Tourada à corda (/pt/; "bullfight by rope"), toirada à corda or corrida de touros à corda, is a type of bullfighting traditional to the Azores Islands, and particularly the island of Terceira, where it is believed to be one of the most ancient recreational traditions in the archipelago.

This type of bullfighting is peculiar to the Azores, and is composed of events with four adult bulls of the Brava dos Açores breed along a designated road or street around 500 metres in length. The bull is controlled by a rope around its neck, held by eight people (pastores) that direct the bull and prevent its leaving the field of play. The bull is led along the course of the road, and taunted and teased by players, but with no intent to kill the animal; the animal's horns are capped with balls or leather to diminish the risk to the players. All the bulls are released after each event in order to rest before the next event (at least three weeks).

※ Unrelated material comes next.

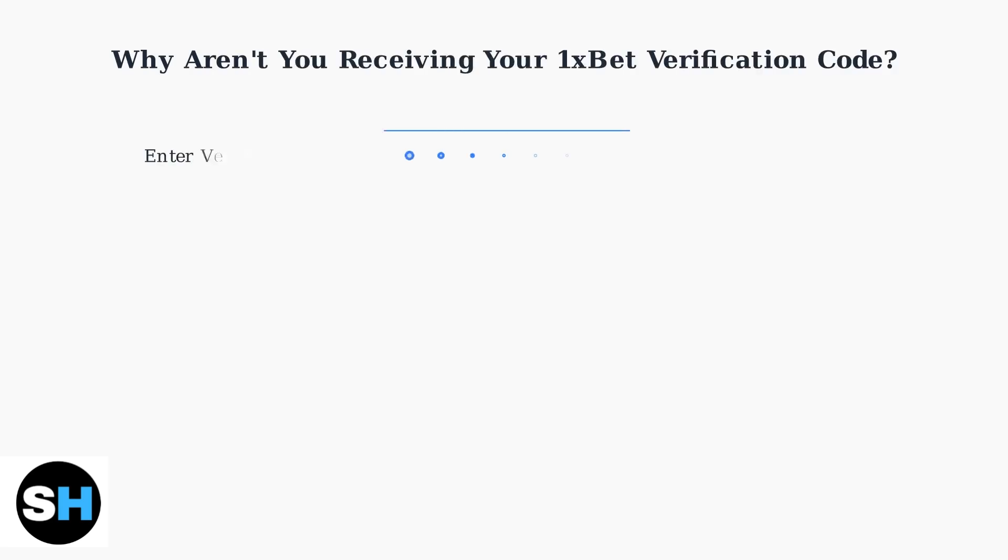Having trouble logging in because you're not getting your 1xBET verification code? This is a common issue with several potential causes. Let's identify why this happens.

Portuguese immigrants from the Azores also practice the tradition of touradas à corda in Ontario, Canada and California, United States.

==History==
The first known tourada à corda was in 1622, organised by the Câmara de Angra during the celebrations in honour of the canonisation of saints Francis Xavier and Ignatius of Loyola. It is presumed by the inclusion of the touradas in the festivities that they were already a popular event.

== Sources==

- Diário Insular, 5 February 2009.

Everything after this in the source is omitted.